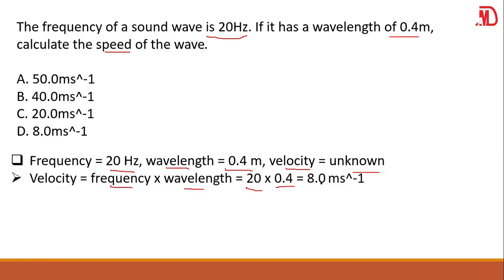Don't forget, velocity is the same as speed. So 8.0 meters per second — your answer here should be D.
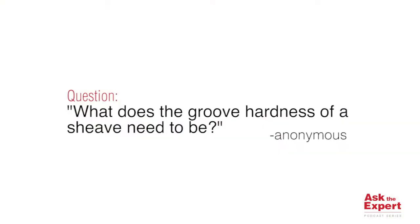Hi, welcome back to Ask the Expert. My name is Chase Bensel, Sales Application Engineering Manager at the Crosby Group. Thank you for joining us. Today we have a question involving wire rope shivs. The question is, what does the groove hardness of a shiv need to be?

==

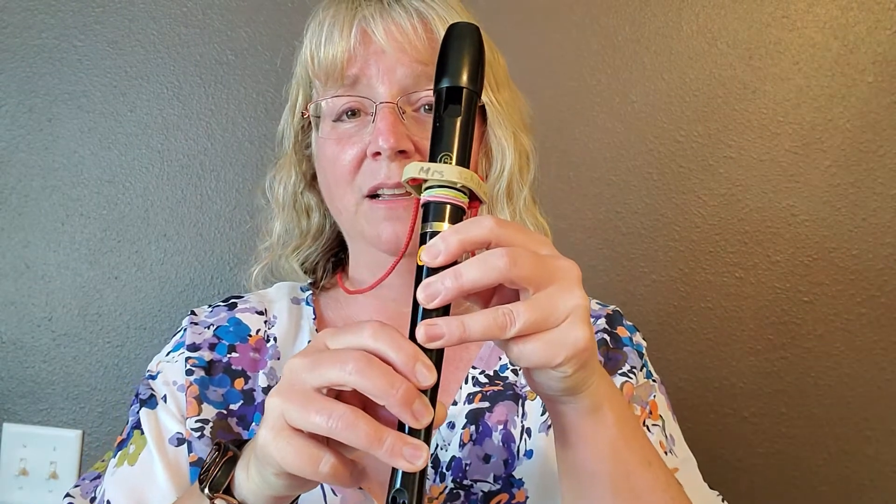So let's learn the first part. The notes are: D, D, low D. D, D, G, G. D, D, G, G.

* _ACTIVITY_
Restate word for word every line from the one with "Don't forget, velocity" up to and including the one with "Hi, welcome back" in the records above, minus the pictures.

* _OUTPUT OF THE EXERCISE_
Don't forget, velocity is the same as speed. So 8.0 meters per second — your answer here should be D.
Hi, welcome back to Ask the Expert. My name is Chase Bensel, Sales Application Engineering Manager at the Crosby Group. Thank you for joining us. Today we have a question involving wire rope shivs. The question is, what does the groove hardness of a shiv need to be?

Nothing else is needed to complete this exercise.